* What needs to be done *
What is needed here is an exact printout of the data, with no pictures included.

* Stored data *
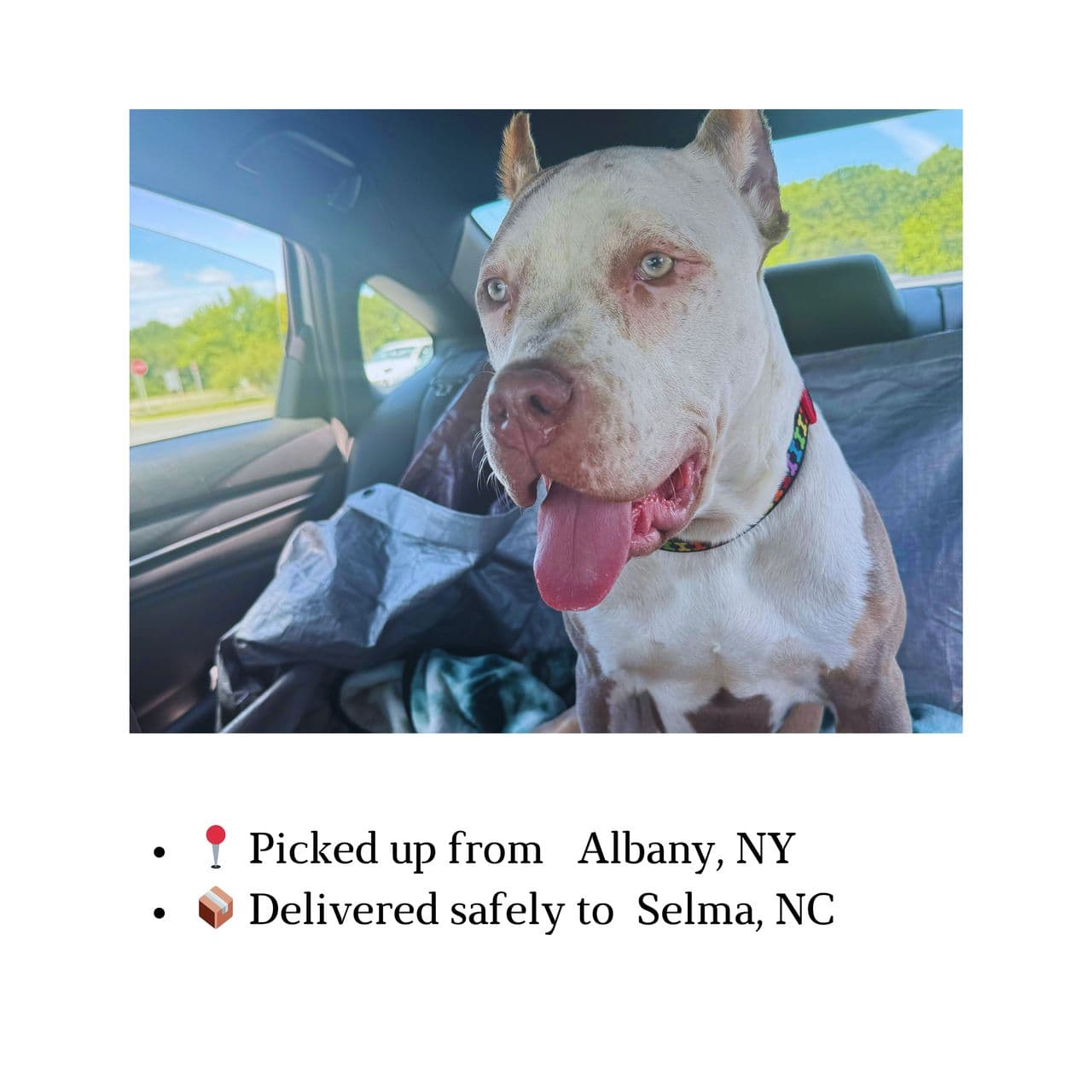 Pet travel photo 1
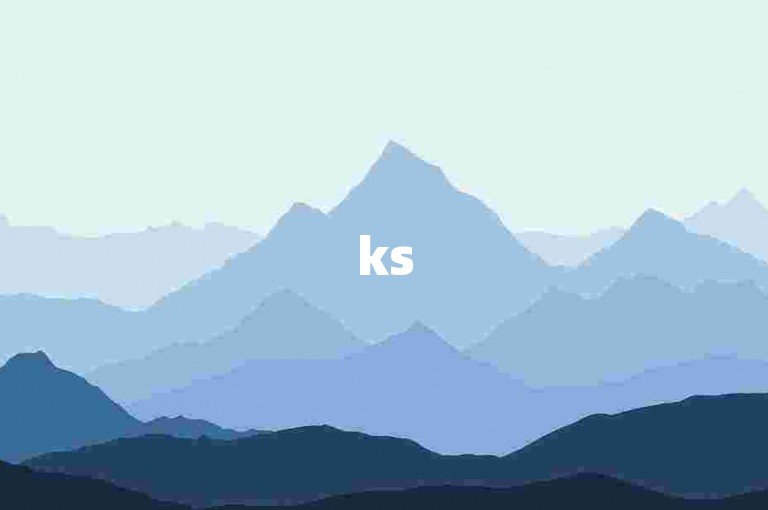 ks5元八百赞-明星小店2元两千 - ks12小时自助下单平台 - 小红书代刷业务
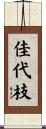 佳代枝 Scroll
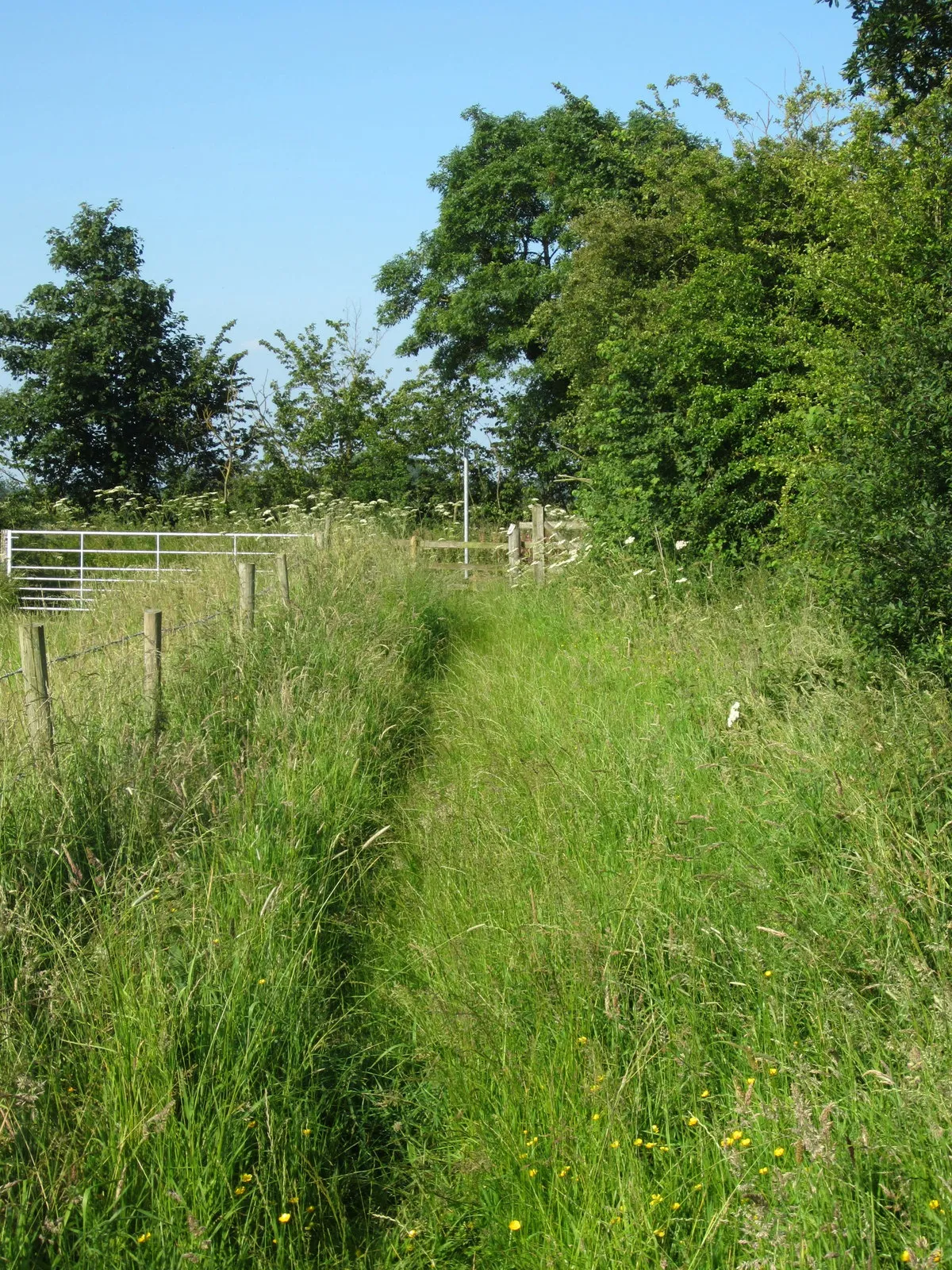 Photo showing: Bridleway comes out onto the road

* Answer to this exercise *
 Pet travel photo 1
 ks5元八百赞-明星小店2元两千 - ks12小时自助下单平台 - 小红书代刷业务
 佳代枝 Scroll
 Photo showing: Bridleway comes out onto the road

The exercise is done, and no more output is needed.